Work order: In the material below, find the line containing "12.04.2026 - 45." and the line containing "Building Photo - 1 br, 1", then reproduce exactly both of them and every line between, and nothing else.

Top of Provided records

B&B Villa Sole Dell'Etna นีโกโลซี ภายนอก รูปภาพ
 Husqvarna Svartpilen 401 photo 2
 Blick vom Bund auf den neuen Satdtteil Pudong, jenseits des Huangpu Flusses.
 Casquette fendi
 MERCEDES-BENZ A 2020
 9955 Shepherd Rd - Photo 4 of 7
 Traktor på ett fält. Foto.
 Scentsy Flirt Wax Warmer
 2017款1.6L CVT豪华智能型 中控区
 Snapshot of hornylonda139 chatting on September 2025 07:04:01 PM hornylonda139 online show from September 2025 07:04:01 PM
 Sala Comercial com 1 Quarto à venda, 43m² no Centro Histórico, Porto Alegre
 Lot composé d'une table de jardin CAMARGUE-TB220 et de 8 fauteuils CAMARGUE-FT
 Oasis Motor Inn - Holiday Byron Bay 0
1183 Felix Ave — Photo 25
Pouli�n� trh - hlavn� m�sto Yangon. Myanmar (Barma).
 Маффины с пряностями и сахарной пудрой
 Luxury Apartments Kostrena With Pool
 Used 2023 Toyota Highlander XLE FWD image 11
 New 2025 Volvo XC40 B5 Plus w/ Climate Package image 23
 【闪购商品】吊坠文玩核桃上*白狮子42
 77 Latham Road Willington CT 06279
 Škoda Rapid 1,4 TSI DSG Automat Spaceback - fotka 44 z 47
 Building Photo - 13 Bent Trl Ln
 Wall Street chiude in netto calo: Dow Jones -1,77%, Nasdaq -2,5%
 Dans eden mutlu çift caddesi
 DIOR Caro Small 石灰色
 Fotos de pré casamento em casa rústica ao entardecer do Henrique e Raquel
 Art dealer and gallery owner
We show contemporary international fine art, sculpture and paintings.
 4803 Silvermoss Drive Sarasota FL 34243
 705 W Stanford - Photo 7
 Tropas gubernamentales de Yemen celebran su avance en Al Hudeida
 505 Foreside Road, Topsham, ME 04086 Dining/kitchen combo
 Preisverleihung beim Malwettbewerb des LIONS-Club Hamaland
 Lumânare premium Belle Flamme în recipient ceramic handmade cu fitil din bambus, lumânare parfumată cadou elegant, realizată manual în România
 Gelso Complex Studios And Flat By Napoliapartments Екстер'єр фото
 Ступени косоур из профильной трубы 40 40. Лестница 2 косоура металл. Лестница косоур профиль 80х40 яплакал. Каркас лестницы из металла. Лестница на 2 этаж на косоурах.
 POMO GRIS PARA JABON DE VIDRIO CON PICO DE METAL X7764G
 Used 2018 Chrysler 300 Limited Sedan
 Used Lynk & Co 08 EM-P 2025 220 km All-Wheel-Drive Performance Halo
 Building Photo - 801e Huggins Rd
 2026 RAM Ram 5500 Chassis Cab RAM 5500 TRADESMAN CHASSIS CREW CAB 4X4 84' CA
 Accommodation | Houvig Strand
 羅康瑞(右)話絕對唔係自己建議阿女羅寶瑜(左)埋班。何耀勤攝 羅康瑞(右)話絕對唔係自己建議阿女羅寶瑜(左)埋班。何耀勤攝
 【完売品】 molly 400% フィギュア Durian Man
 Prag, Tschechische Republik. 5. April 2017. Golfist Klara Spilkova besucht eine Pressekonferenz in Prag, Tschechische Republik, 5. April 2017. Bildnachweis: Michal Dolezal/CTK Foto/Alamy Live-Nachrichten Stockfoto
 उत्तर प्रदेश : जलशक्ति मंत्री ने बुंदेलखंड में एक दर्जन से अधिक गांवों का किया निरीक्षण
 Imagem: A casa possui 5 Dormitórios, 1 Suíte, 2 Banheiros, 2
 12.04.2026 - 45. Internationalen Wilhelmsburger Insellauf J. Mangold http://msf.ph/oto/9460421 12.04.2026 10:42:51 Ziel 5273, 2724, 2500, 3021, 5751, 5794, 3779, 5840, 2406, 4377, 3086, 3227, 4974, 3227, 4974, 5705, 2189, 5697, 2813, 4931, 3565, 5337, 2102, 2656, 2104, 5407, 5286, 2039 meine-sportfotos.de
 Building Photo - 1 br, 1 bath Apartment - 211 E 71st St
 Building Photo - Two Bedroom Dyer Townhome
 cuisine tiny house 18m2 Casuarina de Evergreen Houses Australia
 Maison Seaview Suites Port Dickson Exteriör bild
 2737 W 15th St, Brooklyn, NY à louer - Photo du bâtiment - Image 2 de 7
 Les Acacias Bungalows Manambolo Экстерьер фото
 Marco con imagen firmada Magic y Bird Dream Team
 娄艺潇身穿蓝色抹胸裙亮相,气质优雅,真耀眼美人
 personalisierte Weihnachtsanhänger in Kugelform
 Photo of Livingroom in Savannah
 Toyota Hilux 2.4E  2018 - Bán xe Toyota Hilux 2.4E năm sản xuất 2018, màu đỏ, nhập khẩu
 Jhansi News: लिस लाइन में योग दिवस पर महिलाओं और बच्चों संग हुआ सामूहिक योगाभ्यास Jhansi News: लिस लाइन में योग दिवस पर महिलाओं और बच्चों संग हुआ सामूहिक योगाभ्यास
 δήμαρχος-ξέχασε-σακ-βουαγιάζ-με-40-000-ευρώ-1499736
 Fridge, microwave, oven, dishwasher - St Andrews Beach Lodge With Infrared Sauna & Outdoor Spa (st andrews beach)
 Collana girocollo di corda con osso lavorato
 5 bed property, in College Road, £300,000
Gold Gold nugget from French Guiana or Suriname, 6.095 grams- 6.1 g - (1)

Bottom of Provided records

Reply to the task:
 12.04.2026 - 45. Internationalen Wilhelmsburger Insellauf J. Mangold http://msf.ph/oto/9460421 12.04.2026 10:42:51 Ziel 5273, 2724, 2500, 3021, 5751, 5794, 3779, 5840, 2406, 4377, 3086, 3227, 4974, 3227, 4974, 5705, 2189, 5697, 2813, 4931, 3565, 5337, 2102, 2656, 2104, 5407, 5286, 2039 meine-sportfotos.de
 Building Photo - 1 br, 1 bath Apartment - 211 E 71st St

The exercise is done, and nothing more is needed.